This week I have been co-hosting Miranda Parker, from Georgia Tech, as part of our Colloquium on Computer Science Pedagogy. Her work is titled, Barriers to Computing: What Prevents CS for All.
The question is what are the barriers to accessing Computer Science at the high school level. Nation-wide, ~35% of high schools offer at least one CS course, although this is self-reported CS. In Indiana, the most popular courses are taken by ~5000 students, state-wide. In Austin Texas, about 6000 students take at least one CS course, out of ~110,000.
How do we know if students are successful (i.e., did they learn)?

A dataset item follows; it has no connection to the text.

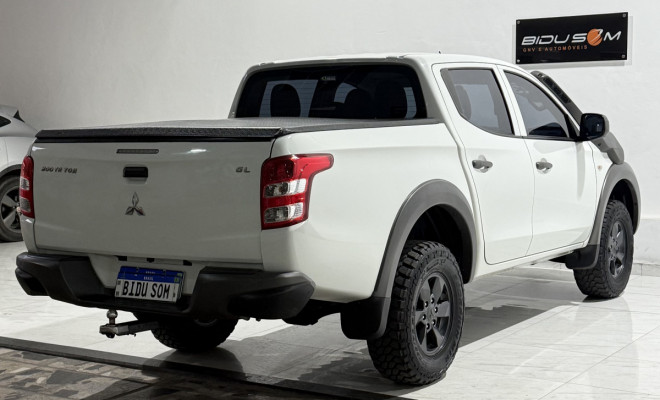 L200 Triton GS 2023 – preço imperdível para veículo revisado e pronto para rodar!-18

For this, we need a validated assessment to ensure that we are measuring what we want to measure. An initial assessment, FCS1, worked fairly well and across multiple introductory programming languages; however, the assessment had limits in its use, which lead to the SCS1. This assessment correlated well with FCS1, so it can standin; however, it was an hour long. Assessments should: cover the content, vary in difficulty, and have good discrimination (so individual scores are good predictors for the overall performance). In analysis, most of the SCS1 questions were hard, and few provided good discrimination. The assessment was then adapted to focus on the medium difficulty problems that discriminate (in test scores), and expanded to a 30 minute test.
With a measurement of whether students are succeeding in Computer Science, we can walk back to investigate what things influence students to succeed in Computer Science.

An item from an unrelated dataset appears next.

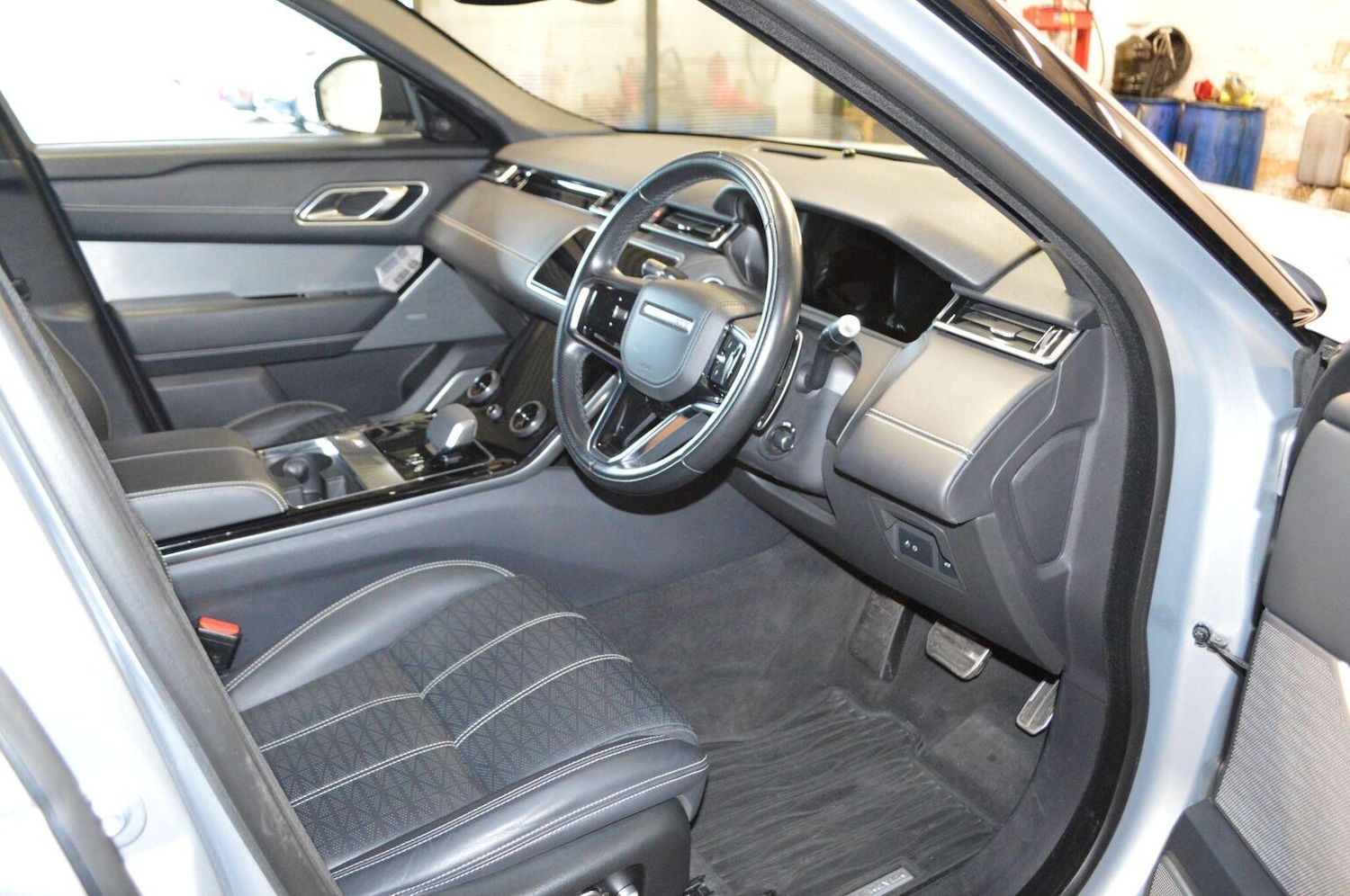 Used Land Rover Range Rover Velar 2022 for sale - 77357307: Photo 15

Among prior studying factors, we know that students do better in CS if they have more prior experience with Computer Science, and students do better in CS (as well as STEM and general education) with higher socioeconomic status (SES). There are also known prior links between SES and access to computing (whether it is formal courses, or informally), and SES to spatial reasoning. And both of these later components are linked to CS achievement.
In exploratory study (large, public university with mainly high SES students), showed statistical correlation from spatial reasoning to CS achievement. There was not correlation from having access to achievement. In the interest of time, this point was not presented further.
Barriers to computing
There are three main sources of access to Computer Science courses: state policies, geography (such as, circumstances, industry, or neighboring schools with CS), and resources (such as, time and money or rural versus urban).
In partnership with Georgia Department of Education, CS enrollment data from 2012-2016, plus other public data (such as, characteristics of the county and of the school), for each of the 181 school districts in Georgia, where each district has at least one high school. Using the definition of CS courses, being those that count toward the graduation requirement in Georgia as computer science, versus other computing courses, such as web design or proficiency with office. In Georgia, out of 500,000 students, about 6000 took a CS course in a given year, where about 50% of schools offered computer science during at least one year in that time frame. And the 6000 students are actually student course events, where a student taking two CS courses would count twice.
For those schools, CS enrollment, total high school enrollment, and median income contribute to whether CS will be offered in the next year.
This work is yet ongoing, where the next steps are to visit schools and collect further data on these factors, such as why a school discontinued a course offering, or now offers one. Or what do students these courses go on to do? An audience question wondered whether the CS courses offered relates to the courses offered of other parts of STEM.